Hughes saves his finger wagging for the hypocrisy of American Puritanical piety and its expression in the rise of film censorship, both of which fall under his term “nasty-nice.” Against the nasty-nice mindset of small-town U.S. conservatism, Hughes posits a surprisingly modern, if not quite feminist narrative, in which a woman’s choice to pursue career and distaste for domestic life appears a matter of simple common sense. In his lavish account of both a young woman’s developing mental and moral sense as well as film-lot life, it is immediately apparent that Hughes relished a bit of description. Souls for Sale is overwritten in the best possible way. It’s delightful to have this important part of the canon of 1920s Hollywood novels back in print.”
—Katherine Fusco, author of Silent Film and U.S. Naturalist Literature
About The Authors
Rupert Hughes was an American novelist, film director, Oscar- nominated screenwriter, military officer, and music composer.
Sarah Gleeson-White is Associate Professor in American Literature at the University of Sydney.
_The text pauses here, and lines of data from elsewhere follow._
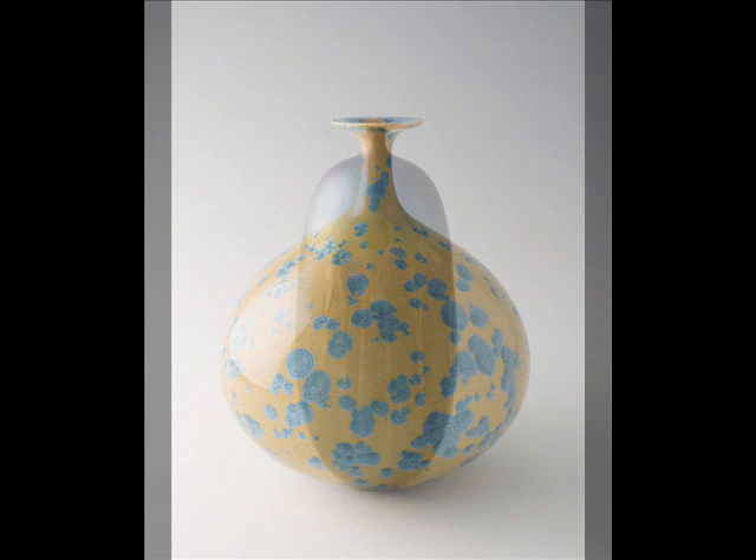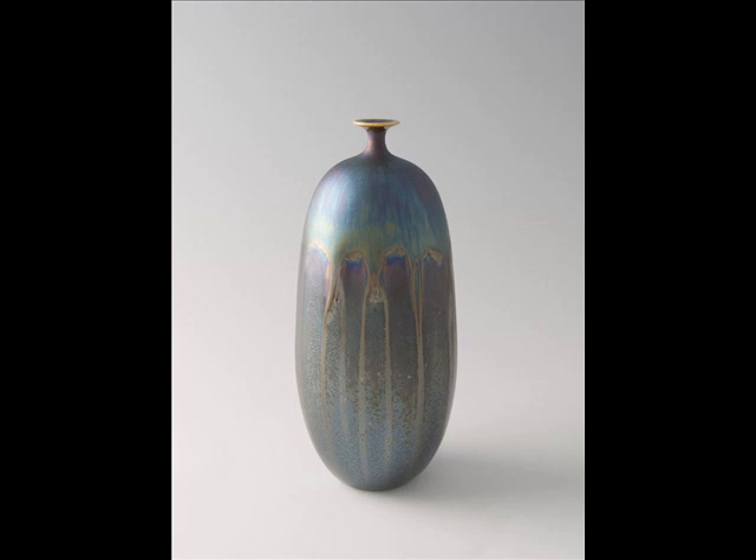Note the striking blue crystals on warm Chinese yellow in HM 304. A mark of Hideaki's work is the high heat he employs and his combination of both oxidation and reduction phases during firings that may last as long as 24 hours.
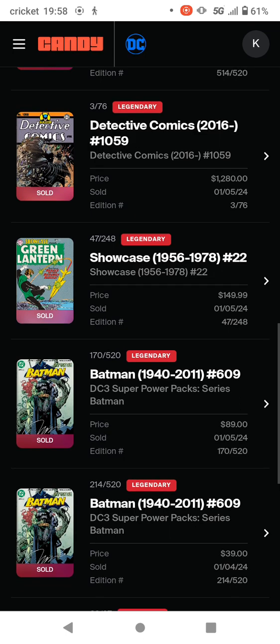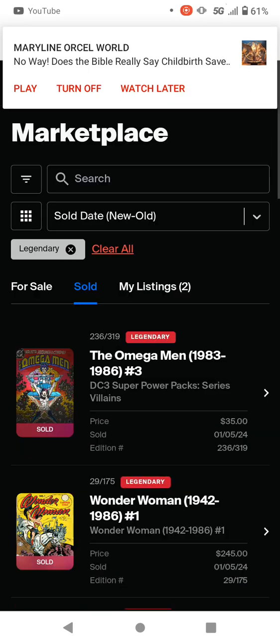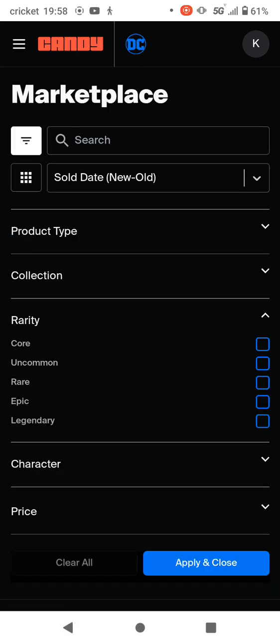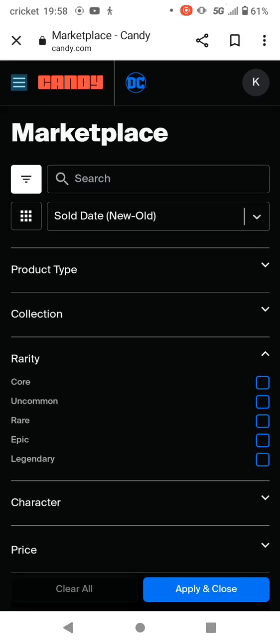The last one was Batman, and then Showcase number 22 — the first appearance of the modern Green Lantern, Jordan I think. All right, let's go get my pick for tonight. I need to go back to the market.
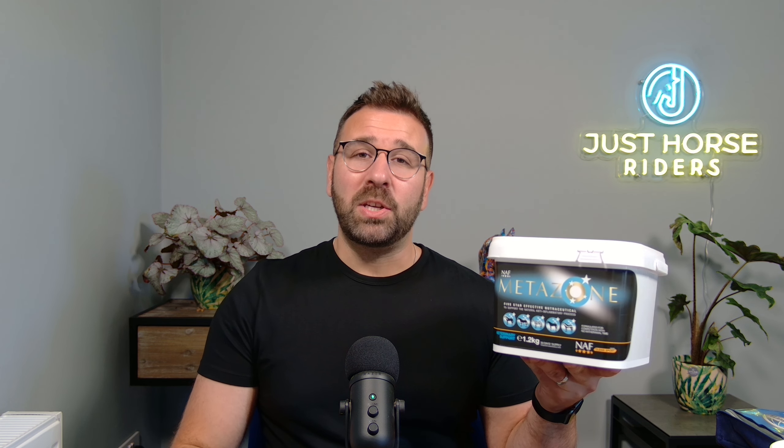So whether your horse is prancing around the dressage arena or tackling cross-country like a pro, Metasome will help keep them sound, supple, and maybe even a little bit smug. If you have any questions about the NAF Metasome, please give us a message and we'll get back to you ASAP. We stock the full NAF range on our website, so please go and have a look. Thank you so much for watching, and we'll see you next time. Bye!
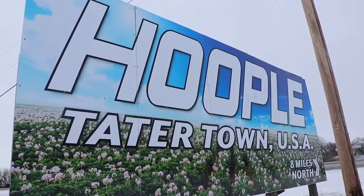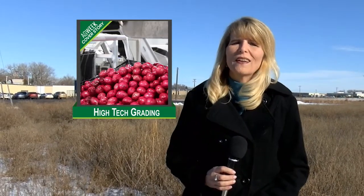For Ag Week, this is Mikkel Pates at Hoople, North Dakota. Compact Custom designed and built the machine specifically to fit into the Hulls' existing building. You can read more in the next Ag Week magazine or at agweek.com.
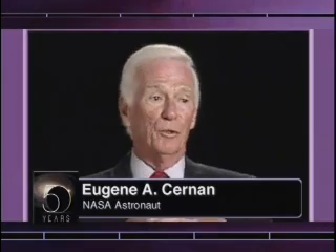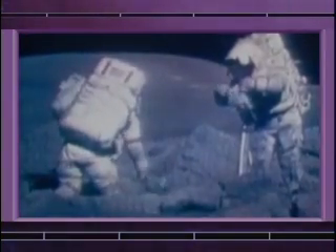Apollo 17 built upon all the other missions scientifically. We had a lunar rover, we were able to cover more ground than most of the other missions. We stayed there a little bit longer. We went to a more challenging, unique area in the mountains to learn something about the history and the origin of the moon itself.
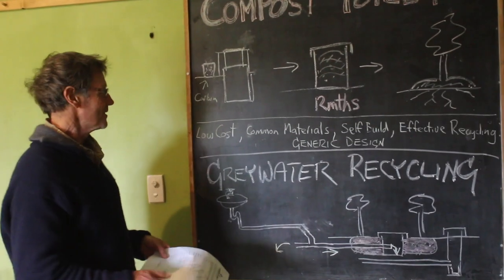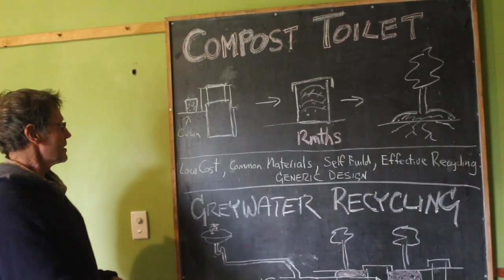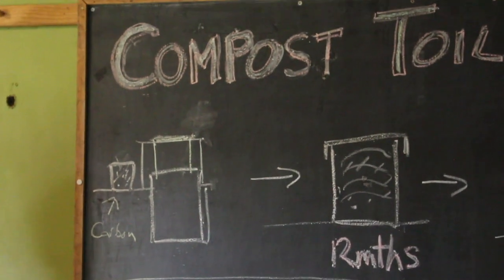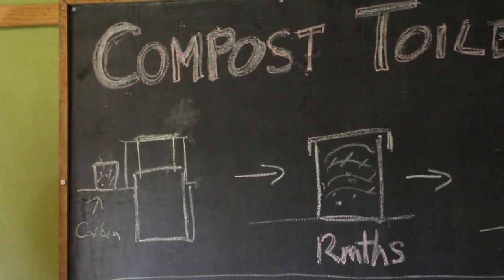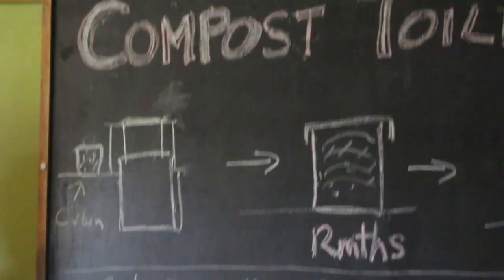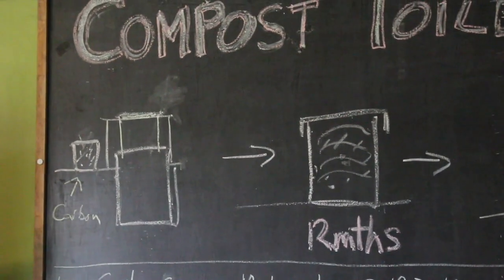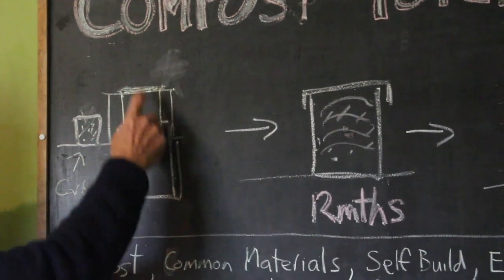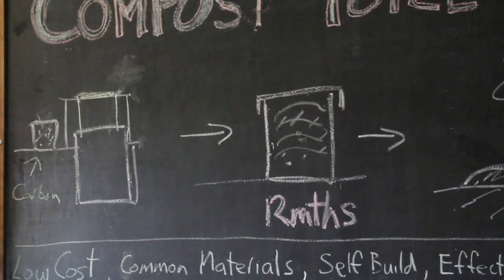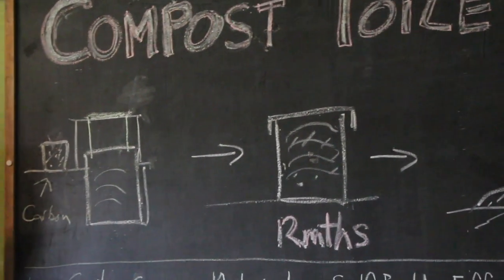So we'll start with the composting toilet — this is pretty much standard in New Zealand now in a lot of ways, but it was still a good process to take through the resource consent. Here's our toilet seat; we're going to have a drum underneath. We've got a little container here with something like leaves in it — a good high carbon source. We use the toilet here, put some of the leaves in, and that gives us an ideal composting mix.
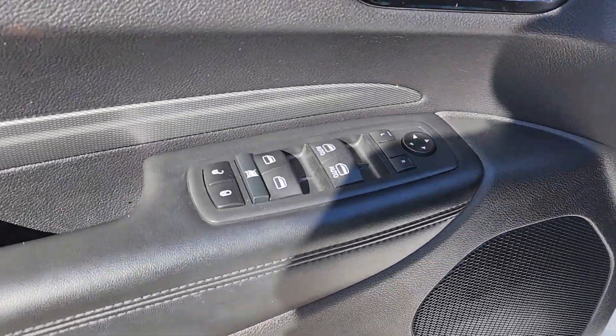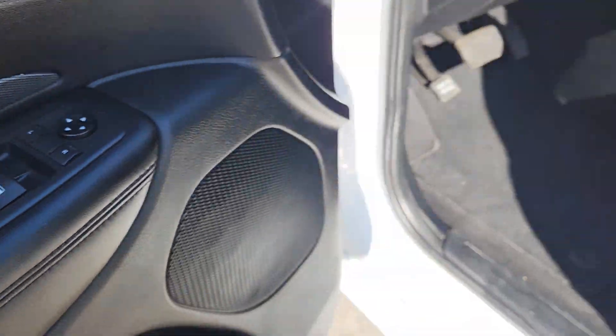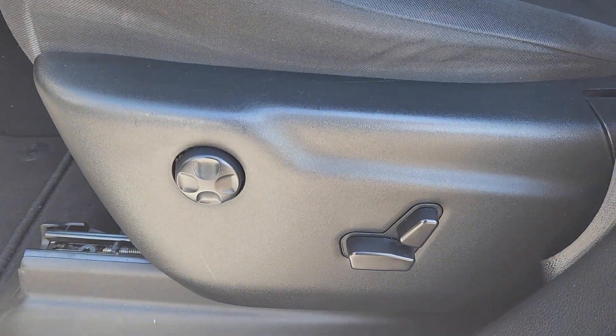Looking for your dream car? It could be the 2020 Dodge Durango. With less than 50,000 miles on the odometer, this vehicle provides excellent value.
She is the author of William Faulkner at Twentieth Century-Fox: The Annotated Screenplays, and Strange Bodies: Gender and Identity in the Novels of Carson McCullers, and the editor, with Peter Lurie, of The New Faulkner Studies (forthcoming with Cambridge UP). She has written about American literature and film for PMLA, Modernism/modernity, the LA Review of Books, The Cambridge Companion to the Literature of the American South, and William Faulkner in Context. Her new book project, “Literature in Motion,” considers the interactions of US literary and cinema cultures across the silent-film era.